Claudia Santonocito
La storia è quella di Joe. Che poi a pensarci bene potrebbe anche avere nomi diversi, perché chiamarsi in una qualsiasi maniera per lui potrebbe essere solo un peso. Quando vivi in strada, quando ringrazi di avere i soldi per una birra e una bottarella ogni tanto, il resto appare superfluo. Bisognerebbe capire chi è Joe, se è bello o brutto, buono o cattivo, e decidere se fare il tifo per lui. Ma a volerla dire tutta è una figura di inchiostro, il frutto di un esperimento letterario riuscito.
Prendi due ragazzi, un siciliano ed un marchigiano, Fabrizio Denaro e Giuseppe Graziano, e mettili a scrivere insieme. Ne viene fuori E allora berremo acquaragia (Erga Edizioni) che poi altro non è che il diario di Joe, le riflessioni di un uomo che sopravvive, osserva ma allo stesso tempo si conosce così bene da sapere di non potersi impegnare in niente di duraturo perché non è nella sua indole. Joe potrebbe essere un semplice emarginato o il relitto allucinato della nostra realtà che ha smesso di guardarsi attorno da troppo tempo. Ma si rimane maledettamente affascinati dalla sua visione e dal suo essere strafottente, verrebbe quasi voglia di provare invidia per la sua malconcia libertà. Perché Joe ha visto oltre, ha visto che una sbronza può essere salvifica e che una sana scopata senza interessi può cambiarti la giornata, ha capito che il mondo fa schifo ma è colpa nostra e della nostra pigrizia a non voler reagire, a voler giustificare il nostro sguazzare nell’apatia.

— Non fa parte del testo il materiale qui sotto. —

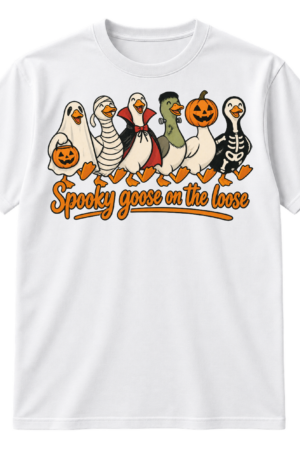 Six cartoon geese in ghost, mummy, vampire, Frankenstein, pumpkin, and skeleton costumes above the text “Spooky goose on the loose.”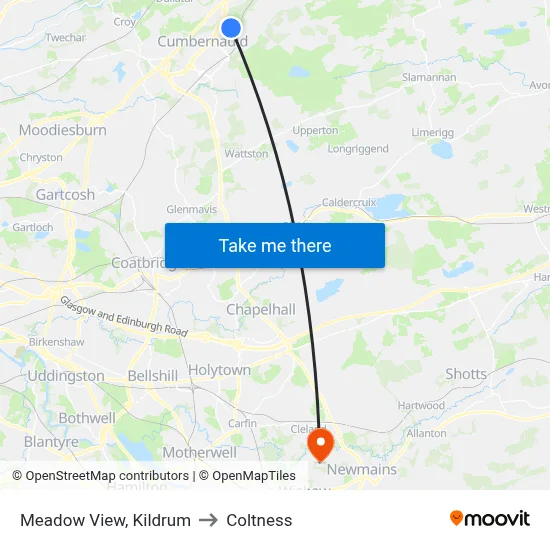 Meadow View, Kildrum to Coltness map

Un libretto di novantadue pagine pieno di rimandi letterari, c’è tanto Bukowski, molto Hemingway e una spruzzata di Beat Generation per un risultato assolutamente originale. La lingua è sporca (attenzione moralisti!), ma allo stesso tempo fluida e scivola via senza intoppi di nessun tipo. La narrazione procede diaristicamente, puntellata qua e là con riflessioni e appunti, plasmando un racconto di vita meditato e coeso. Il rischio di un romanzo scritto a due mani è quello di poter apparire disorganizzato nella forma e incoerente nello stile. Ma la prova è stata nettamente superata, risulta quasi impossibile distinguere due stili e due autori, soltanto alla fine quando ci regalano due finali diversi, ognuno dei quali firmato dal suo creatore, è possibile individuare le loro tracce nel corpo del libro. Non ci resta quindi che augurare in bocca al lupo e levare in alto i calici con questi due ragazzi che hanno creduto nell’arte della scrittura, e incoraggiare tutti coloro che sognano ma temono di mettere nero su bianco le loro storie e le loro idee.